Panama Canal expansion will allow transit of larger ships with greater volumes

Published Sep 22, 2014
Panama Canal expansion

Ships carrying crude oil and petroleum products are limited by size restrictions imposed by several of the main thoroughfares of maritime navigation: the Panama Canal, the Suez Canal, and the Strait of Malacca. These size restrictions provide another way to classify the large tankers that carry most of global crude oil and petroleum product trade.

The Panama Canal, an important route connecting the Pacific Ocean to the Caribbean Sea and the Atlantic Ocean, currently has a limited role in global crude and petroleum product transport. The canal's current size restrictions means smaller vessels, with capacities of approximately 400,000-550,000 barrels of light sweet crude oil, are the only ships that can safely pass through the canal. These ships are referred to as Panamax tankers, and their smaller cargos lead to a higher per-barrel cost.

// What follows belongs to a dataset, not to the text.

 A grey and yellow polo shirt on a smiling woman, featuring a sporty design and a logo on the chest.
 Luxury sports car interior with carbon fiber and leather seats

However, the Panama Canal is undergoing an expansion that will allow for the passage of larger vessels with capacities of approximately 400,000-680,000 barrels of crude oil. These larger tankers have the potential to increase crude and petroleum product transport through the canal. Larger vessels or vessels that are slightly over the draft limit can use the Trans Panama Pipeline, which runs parallel to the canal and has both the loading and unloading points for a complete transfer, but doing so adds to shipment costs. In addition to oil transit, the expansion of the Panama Canal, now slated for late 2015, will be able to provide passage for up to 80% of global shipping of liquefied natural gas (LNG). It currently allows passage of only a small percentage of LNG shipping and only shipping by the smallest of LNG tankers.